Я поднял голову и обернулся, чтобы увидеть гаты в самом низу ряда из восьмидесяти с лишним человек, расположенного на берегу реки. Это были гаты кремации. Двадцать четыре часа в сутки здесь сжигали тела погибших. Их прах был помещен в Ганг, чтобы очистить их после смерти. Кабир объяснил нам, что в индуизме существует поверье, согласно которому, если человек умрет здесь, в Варанаси, или его тело привезут сюда для кремации, он вырвется из цикла реинкарнаций и достигнет нирваны.

Из-за этого город всегда был занят, близкие хотели подарить своим умершим членам семьи величайший подарок из всех — вечный дар рая.

Я посмотрел на эти гаты вдалеке и почувствовал боль в груди. Мне бы очень хотелось подарить Киллиану что-то подобное. Хотелось бы подарить ему кусочек рая после ада, в котором он так тайно жил.

Кремационные комары никогда не прекращались. Пепел из их труб поднимался в воздух. Кабир рассказал нам, что Варанаси — город, где смерть и жизнь были переплетенными этапами бытия. Не прятался за дверями и не оставался в тайне, а жил на публике, на виду у всех.

Саванна вела себя тихо с тех пор, как мы сюда приехали. Как и большая часть группы. Это было головокружительное место. Это может сбить с толку тех из нас, кто не принадлежит к этой вере и культуре. Но мы были полны решимости учиться. Лео и Миа сказали, что эта часть поездки посвящена столкновению со смертностью. Гоа и округ Агра постепенно привили нам это понятие — «систематическая десенсибилизация», как называли это Миа и Лео. В Варанаси мы нырнули прямо в воду. И мы это почувствовали. Чувствовал дискомфорт смерти, преследующий каждое наше движение.

Мы сели на ступеньки и наблюдали за людьми в реке. Они были в восторге.

«Как приятно это видеть», — сказала Саванна, одетая в свободные розовые брюки и струящуюся белую рубашку. «Видеть, как люди с такой стойкой верой переживают этот момент». Она улыбнулась. Это была улыбка, которую я узнал как ее улыбку Поппи. Когда она с любовью вспоминала свою сестру. Со времени нашего пребывания в районе Агры оно появлялось чаще. У нее также был одинокий вид, который я тоже узнал, когда ее мысли о сестре были не такими легкими. Я был рад видеть, что эта улыбка становится реже.

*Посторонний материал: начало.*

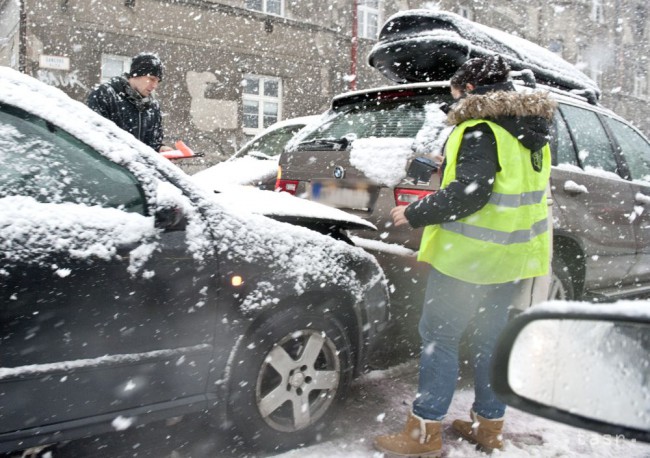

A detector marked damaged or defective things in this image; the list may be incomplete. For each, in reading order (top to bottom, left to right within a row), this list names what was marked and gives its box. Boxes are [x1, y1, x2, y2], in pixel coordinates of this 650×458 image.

damaged vehicle [0, 67, 388, 454]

«Поппи очень верила в высшее существо». Она указала на женщину, которая полностью погрузилась в реку, деликатно, выказывая воде свое глубочайшее уважение. «Это как крещение».

Тогда Саванна посмотрела на меня. «Даже если вы не разделяете эту веру, как вы можете смотреть такую сцену и не испытывать чувства спокойствия и умиротворения? Как можно не поддаться радости и умиротворению, которые этот ритуал дарит этим людям? Монументальный момент в их духовном путешествии. Это невероятно», — сказала Саванна.

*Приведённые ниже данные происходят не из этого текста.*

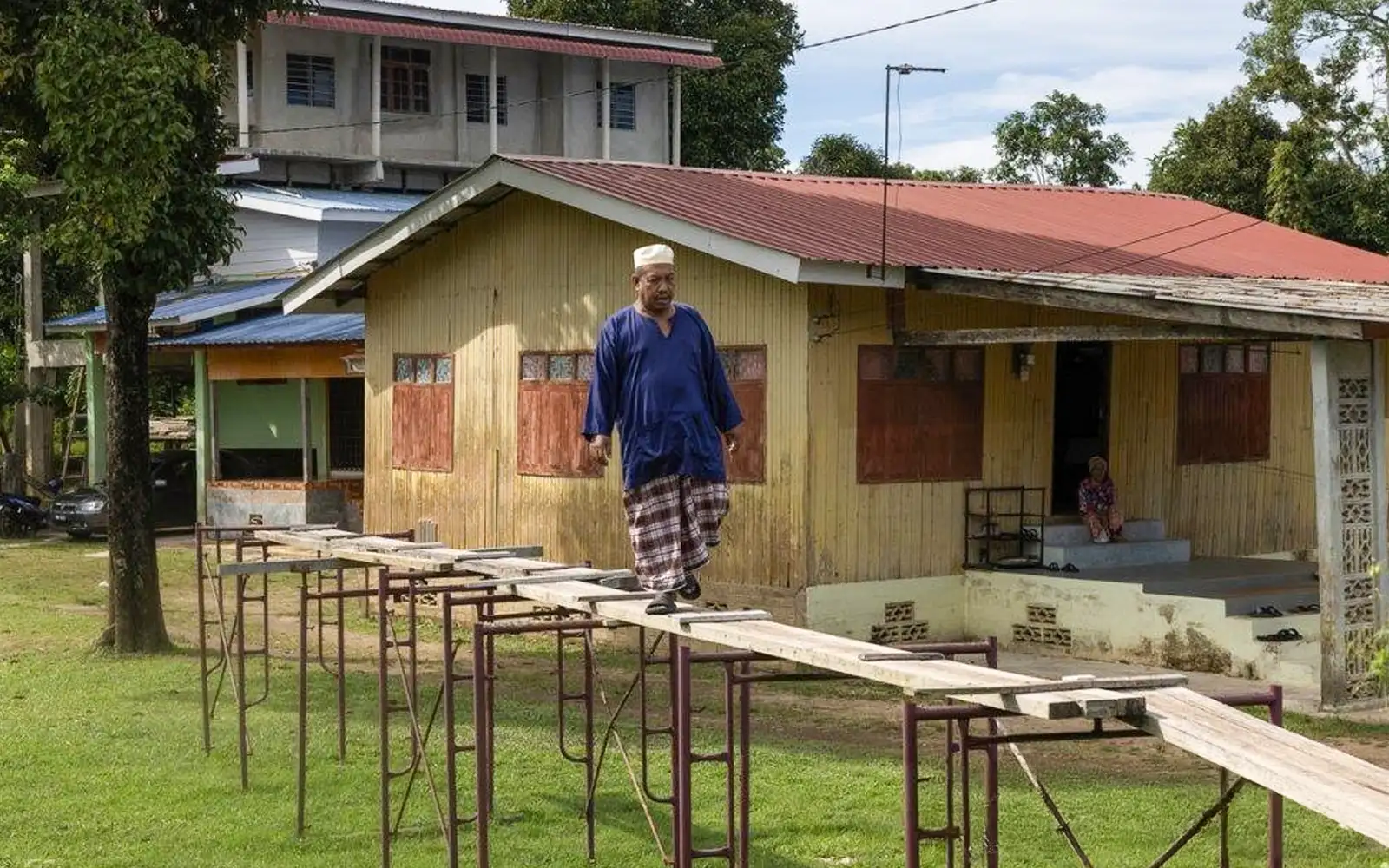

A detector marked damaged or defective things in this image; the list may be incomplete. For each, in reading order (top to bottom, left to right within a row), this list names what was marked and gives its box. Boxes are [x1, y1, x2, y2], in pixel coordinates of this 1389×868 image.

rusty metal leg [297, 572, 311, 838]
rusty metal leg [375, 569, 392, 866]
rusty metal leg [672, 644, 694, 866]
rusty metal leg [899, 697, 922, 866]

Справа стоял одинокий пожилой мужчина, молившийся. Молодая пара, держась за руки, вместе погружается в воду. Мое сердце замерло, когда они вышли и посмотрели друг на друга с такой любовью, что это было почти невозможно наблюдать.

«Я никогда не видел ничего подобного», — сказал я и продолжил смотреть. Мы наблюдали, пока солнце не поднялось выше в небе, и гхат, у которого мы сидели, не стал слишком занят, чтобы оставаться там.

Возвращаясь к нашему отелю, мы остановились, когда процессия людей прошли мимо. Мое сердце упало, когда я понял, чему стал свидетелем. Кабир сказал нам быть готовыми.

Семья несла своего умершего члена семьи на своего рода кровати. Умершего заворачивали в белое полотно и несли в направлении кремационного гата. Я был так потрясен, увидев это вблизи, что мое тело застыло.

Воспоминания о том, как я держал Киллиана на руках, схватили меня и не отпускали. Я почувствовал, как моя грудь сжимается, а сердце бьется не синхронно. Ситуация стала только хуже, когда рука Саванны вздрогнула в моей, а когда я посмотрел на нее сверху вниз, она быстро впала в панику. Ее лицо побледнело, а дыхание стало прерывистым.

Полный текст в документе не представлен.